The IRS allows you to deduct up to $3,000 in capital losses from your ordinary income each year—or $1,500 if you're married filing separately.

At what age do you not pay capital gains? ›

Capital Gains Tax for People Over 65. For individuals over 65, capital gains tax applies at 0% for long-term gains on assets held over a year and 15% for short-term gains under a year. Despite age, the IRS determines tax based on asset sale profits, with no special breaks for those 65 and older.

Can capital losses offset dividend income? ›

The IRS allows you to apply up to $3,000 in net capital gains losses to reduce other taxable income. This lets you potentially save money on taxes. The net capital losses can be applied to ordinary income as well as dividend income. Otherwise, however, capital losses can't be used to shelter dividend income from taxes.

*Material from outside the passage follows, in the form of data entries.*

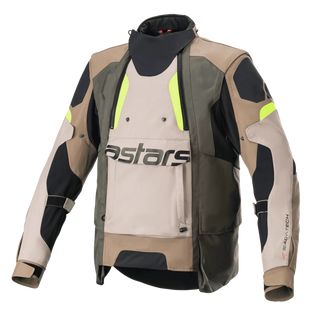 Alpinestars Halo Drystar Jacket Khaki Sand Yellow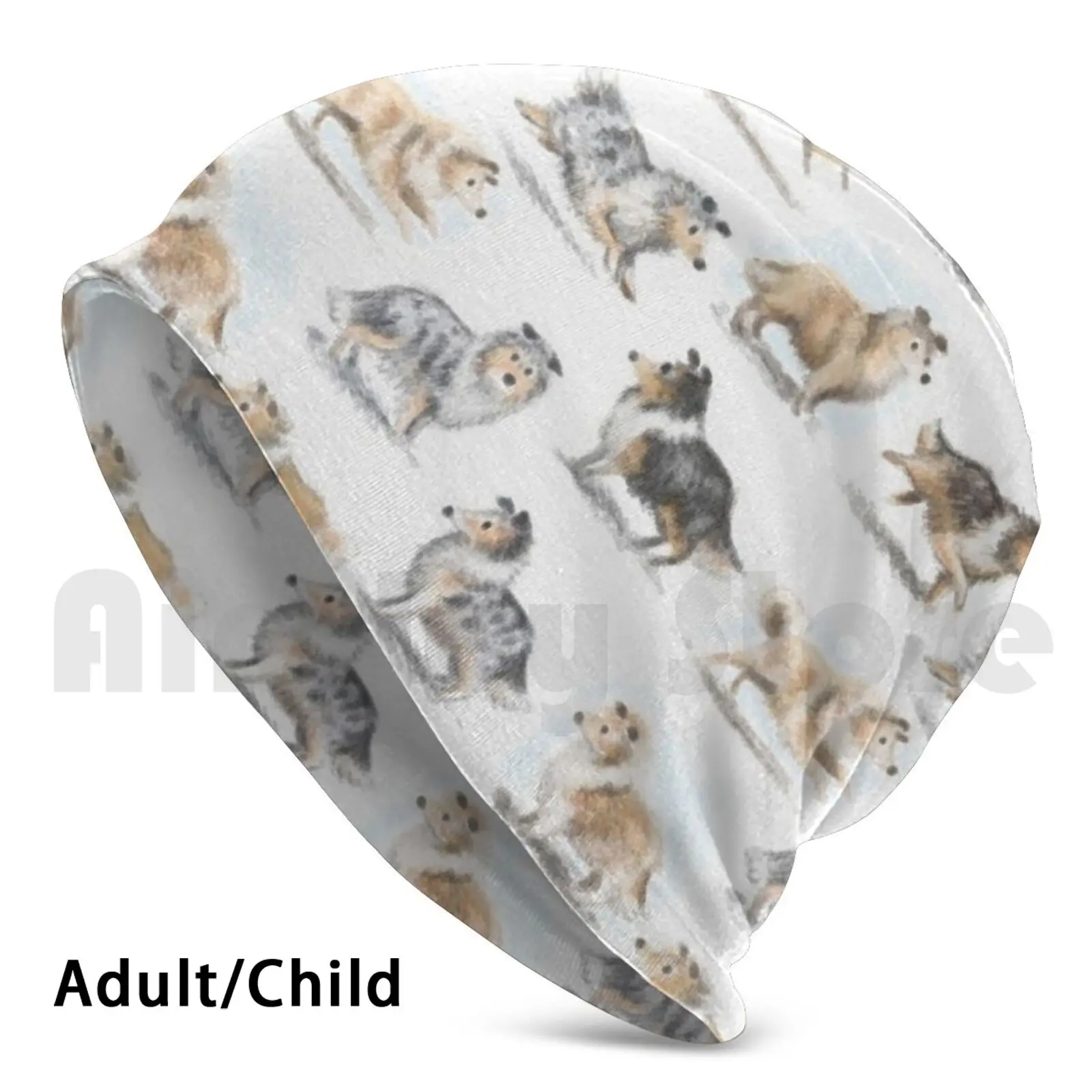 

Грубые колли, облегающие шапки, пуловер, шапка, удобные грубые шотландские колли, бордовые, валлийские, американские, английские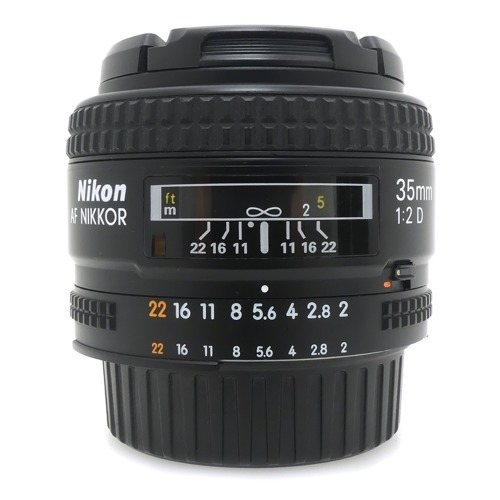 [중고] 니콘 Nikon AF NIKKOR 35mm F2 D 정품 (A+)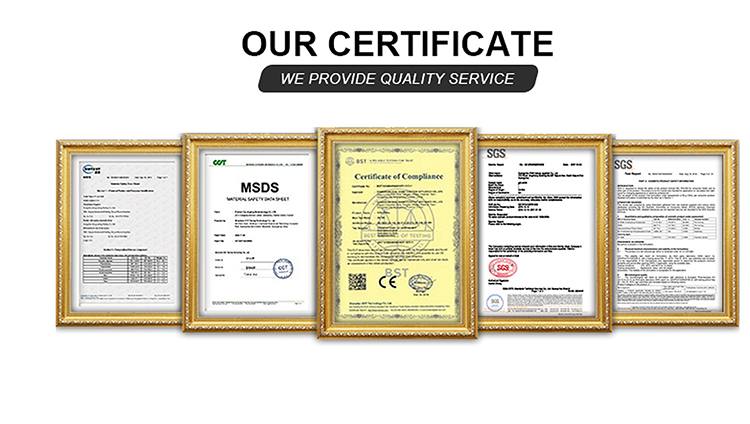 Certification Documents
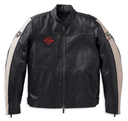 JACKET-ENDURO,LEATHER,BLACK 98003-22VM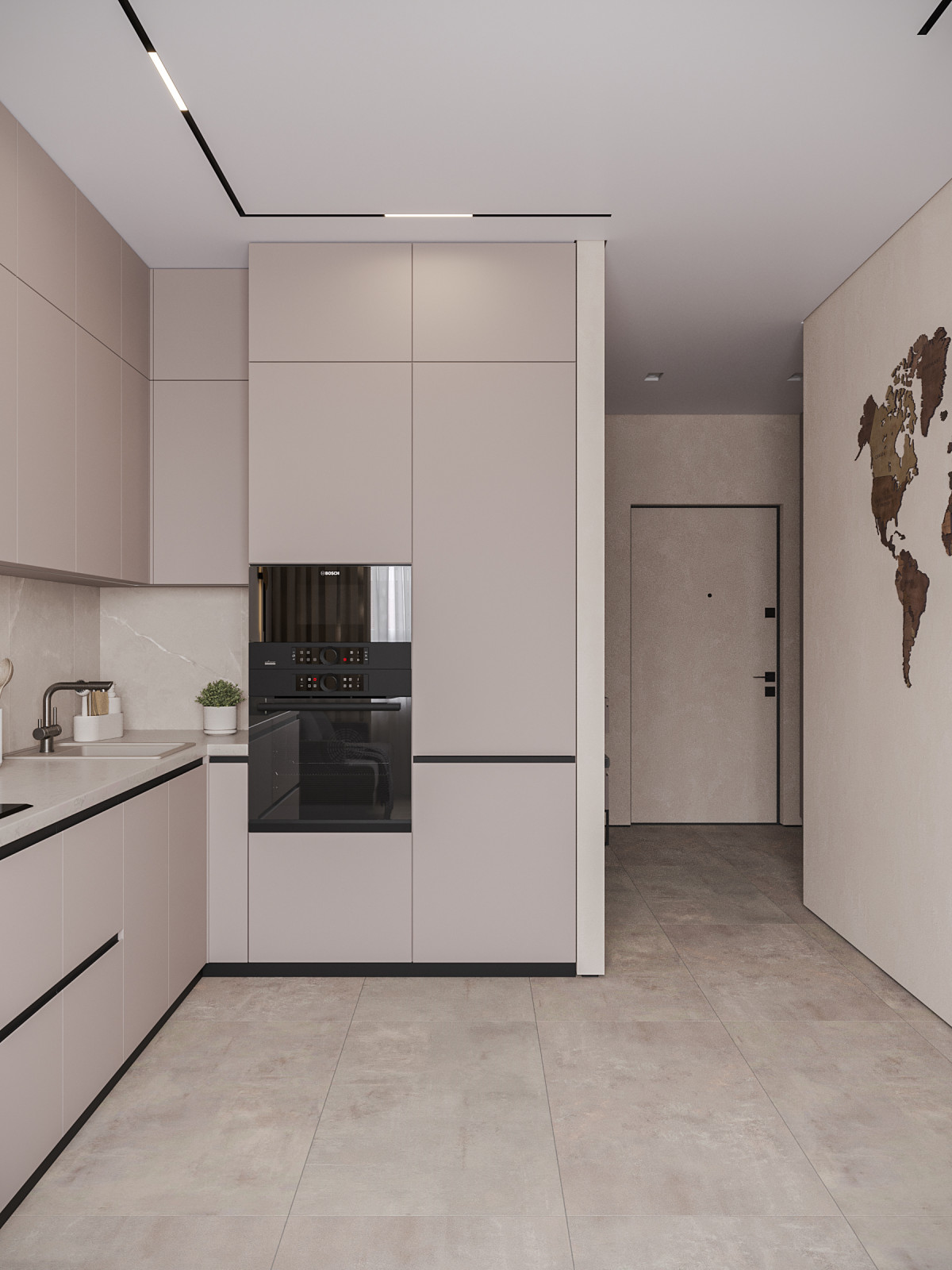 Кухня-гостиная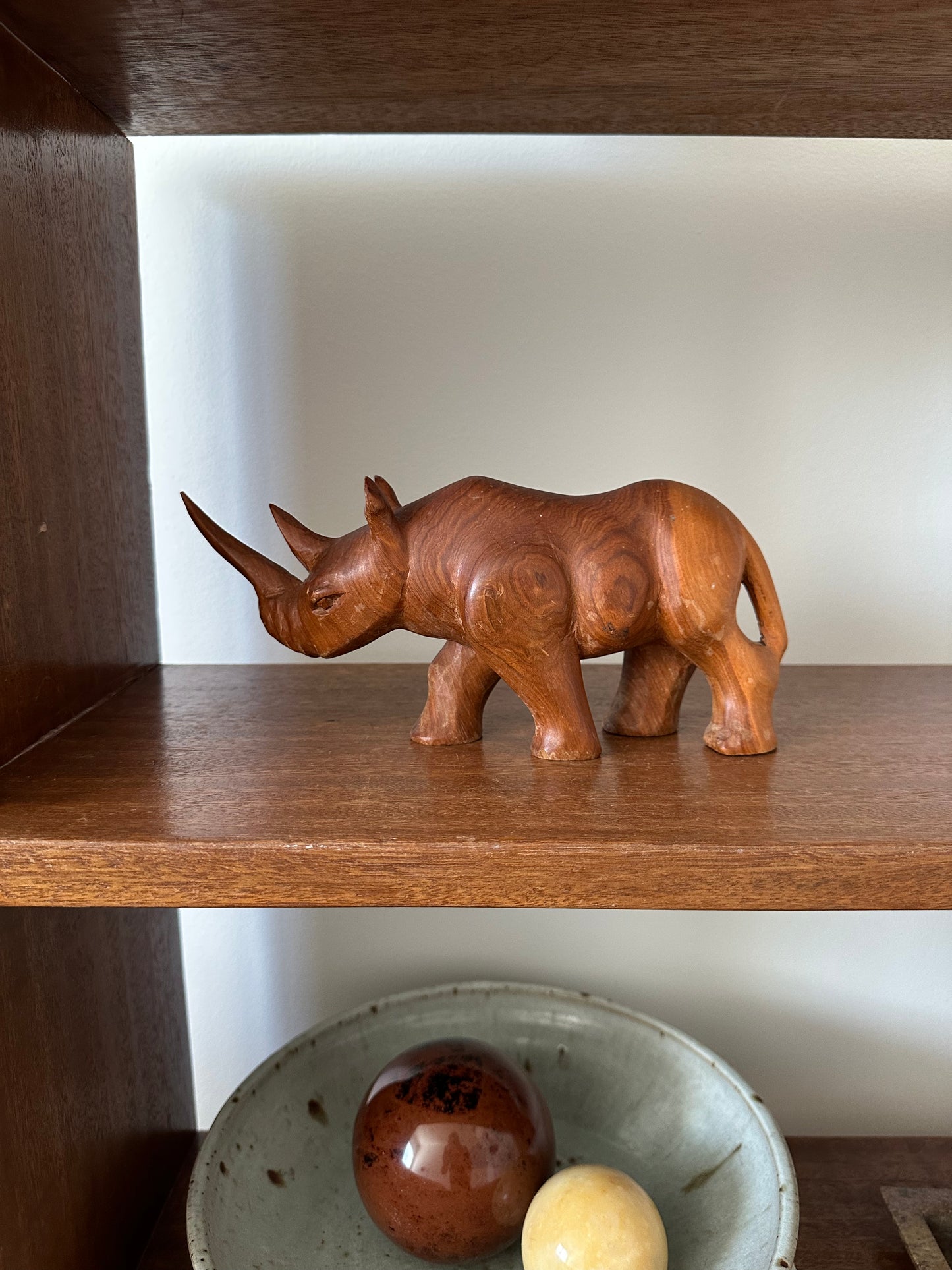 Teak Rhinoceros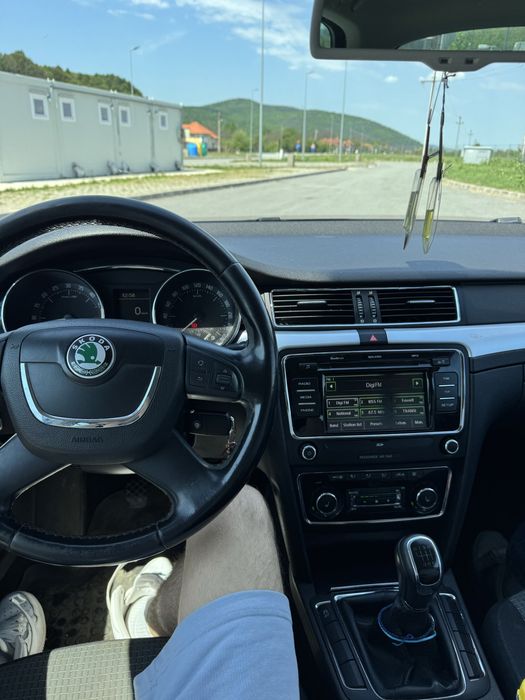 Vand Skoda Superb II.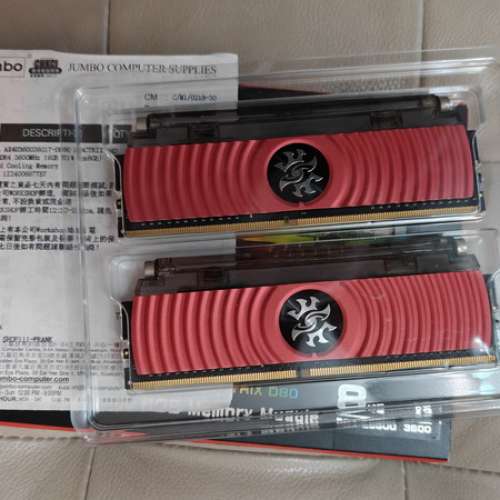 ADATA XPG Spectrix D80 DDR4-3600 2 x 8GB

What is a simple trick for avoiding capital gains tax? ›

An easy and impactful way to reduce your capital gains taxes is to use tax-advantaged accounts. Retirement accounts such as 401(k) plans, and individual retirement accounts offer tax-deferred investment. You don't pay income or capital gains taxes at all on the assets in the account.

Can short-term loss offset long-term gain? ›

Long-term capital loss will only be adjusted towards long-term capital gains. However, a short-term capital loss can be set off against both long-term capital gains and short-term capital gain. Losses from a specified business will be set off only against profit of specified businesses.

How to avoid capital gains tax over 65? ›

Utilize Tax-Advantaged Accounts: Tax-advantaged retirement accounts, such as 401(k)s, Charitable Remainder Trusts, or IRAs, can help seniors reduce their capital gains taxes. Money invested in these accounts grows tax-free, and withdrawals are not taxed until they are taken out in retirement.

Can you use stock losses to offset real estate gains? ›

Absolutely. When an investor experiences short or long-term losses from stock trades, these losses can be used to offset capital gains in other areas like real estate sales.

Are short term and long term capital gains taxed differently? ›

Gains from the sale of assets you've held for longer than a year are known as long-term capital gains, and they are typically taxed at lower rates than short-term gains and ordinary income, from 0% to 20%, depending on your taxable income.

Can K-1 losses offset ordinary income? ›

This is a non-cash expense that the Internal Revenue Service (IRS) allows you to deduct from your taxable income, effectively creating a "paper loss." The paper loss shows up on the K-1 tax form you receive from the property and can often be used to offset your W-2 income.